Max Gazzè e BSOP @ Gran Teatro Geox – 13 aprile 2017

Chi ha solo sentito e mai ascoltato Max Gazzè, sarà rimasto mezzo deluso dallo spettacolo di giovedì 13 aprile al Gran Teatro Geox. Da Alchemaya, l’opera sintonica di Max Gazzè, uno si aspetta i suoi brani, riarrangiati in chiave sinfonica grazie alla Bohemian Symphony Orchestra di Praga. Peccato che l’opera sia sintonica, e non sinfonica. Questo perché nell’orchestra sono stati introdotti elementi elettronici: i sintetizzatori. Quindi, riassumendo: un concerto di Max Gazzé, insieme a un’orchestra classica con qualche suono elettronico.

Ma non basta.

Perché Max Gazzè non è solo musica, ma anche, forse soprattutto, parole. Chi lo ha ascoltato in questi 20 anni sa che il cantautore romano ha una certa predilezione per la religione (uso questa parola per dare un’etichetta a quello che non si spiega fisicamente). Basti citare qualche titolo tra le sue canzoni: “Lilith”, “Favola di Adamo ed Eva”, “Signore mio”, “L’origine del mondo”, “Nuovi allineamenti di Stonehenge”, “Sottocasa”. Argomenti difficili, facilmente pesanti, trattati con melodie raffinate, o perlomeno orecchiabili, pop.

Con Alchemaya, Max Gazzè condensa le sue riflessioni, le sublima allo stato solido e le porte sul palco, con brani inediti, se così si possono chiamare, suonati dall’Orchestra di Praga. Come sempre, le parole usate da Gazzè, o dai Gazzè, dato che il fratello Francesco scrive con lui le canzoni, non sono banali. Stupisce l’esattezza dei termini usati, non c’è il minimo sentore di casualità in quello che canta. Le diverse sinfonie, che ripercorrono una esoterica genesi di un pianeta simile alla Terra, sono intervallate dagli interventi di Ricky Tognazzi, altra sorpresa dell’esibizione, che recita testi provenienti dal libro di Zecharia Sitchin “Il libro perduto del dio Enki”, dalle Tavole smeraldine, dalla Sacra Bibbia.
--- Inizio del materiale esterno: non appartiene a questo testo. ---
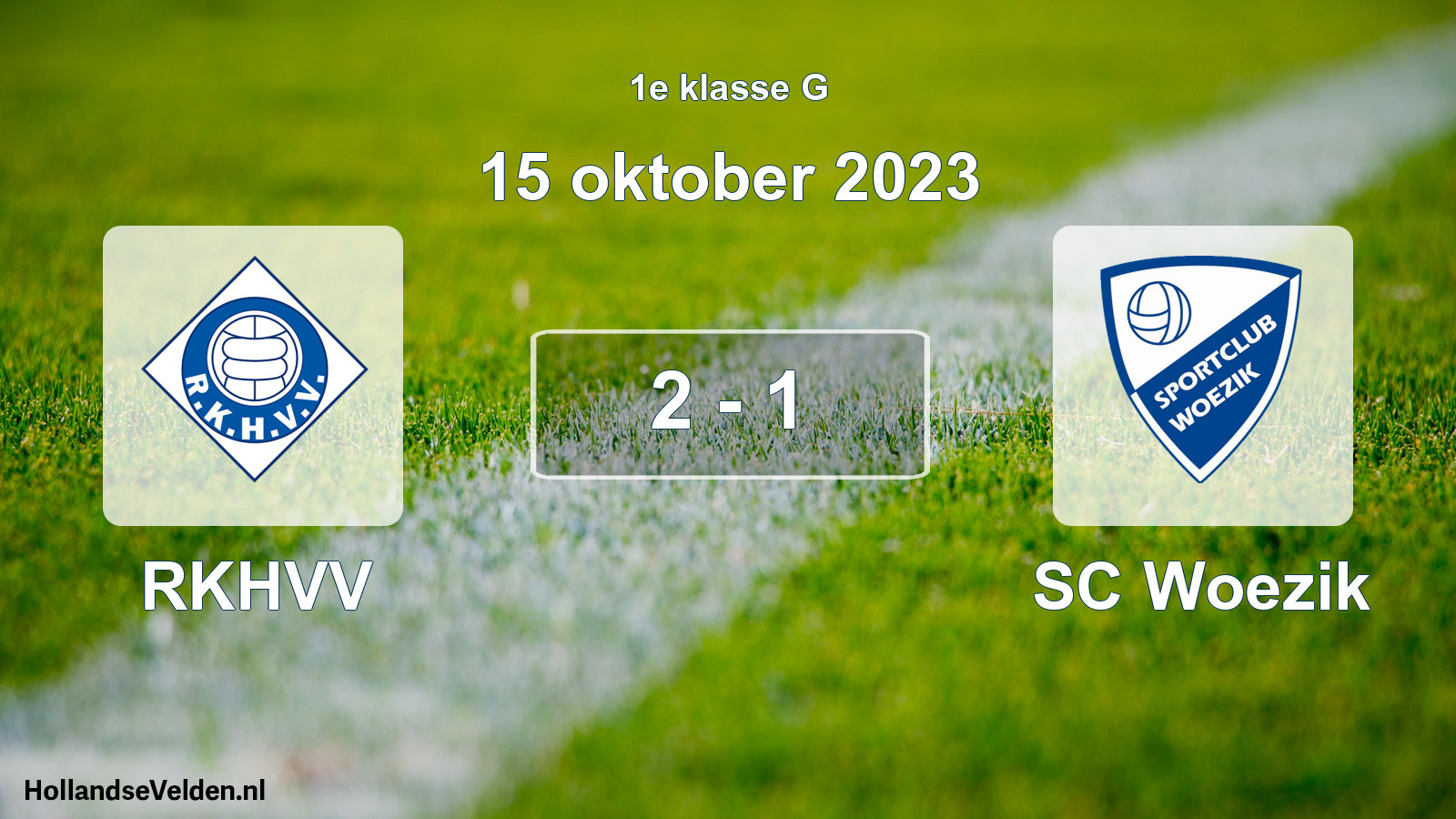 Total number of matches played: RKHVV - SC Woezik 2 - 1 (15 October 2023)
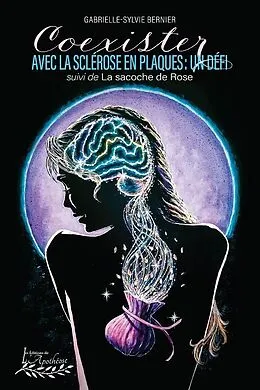 E-Book (epub) Coexister avec la sclérose en plaques : un défi suivi de La sacoche de Rose von Gabrielle-Sylvie Bernier Gabrielle-Sylvie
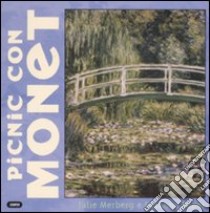 Picnic con Monet. Ediz. illustrata libro di Merberg Julie; Bober Suzanne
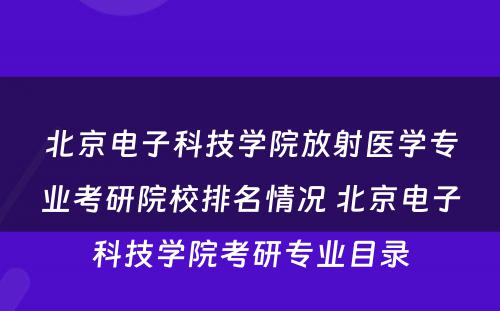 北京电子科技学院放射医学专业考研院校排名情况 北京电子科技学院考研专业目录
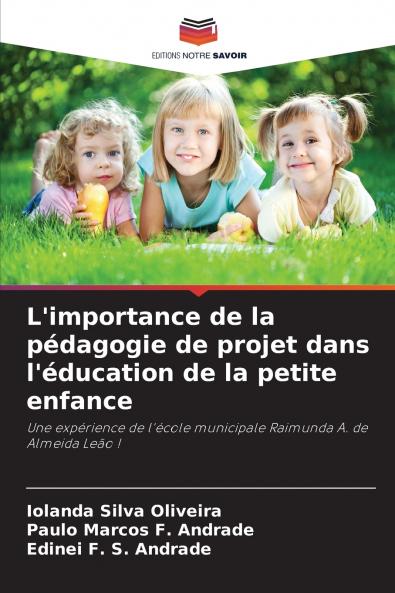 L'importance de la pédagogie de projet dans l'éducation de la petite enfance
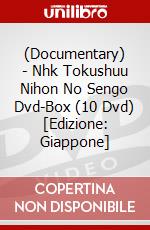 (Documentary) - Nhk Tokushuu Nihon No Sengo Dvd-Box (10 Dvd) [Edizione: Giappone] dvd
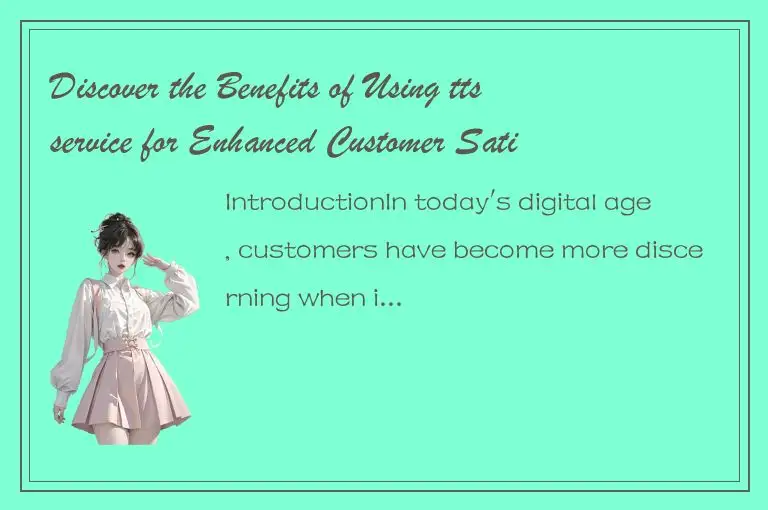 Discover the Benefits of Using ttsservice for Enhanced Customer Satisfaction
foto di Lorenzo Malavolta ⬇

Una creazione quindi, nell’universo che Gazzè ha pensato e costruito nella propria testa. Un concerto ingiudicabile al primo ascolto. Non si tratta di musica leggera, non c’è facile fruibilità, nelle musiche (con l’incastro tra sinfonie e sintetizzatori) e nei testi, inascoltabili senza un libretto che consenta di seguire il cantato. Si può però percepirne la bellezza, nella sua piena complessità a cui non siamo abituati, troppo indaffarati per poterci fermare più tempo su un elemento, un lavoro, un’idea. Ci accontentiamo delle cose carine, di piccole emozioni, e di annusare senza apprezzare veramente.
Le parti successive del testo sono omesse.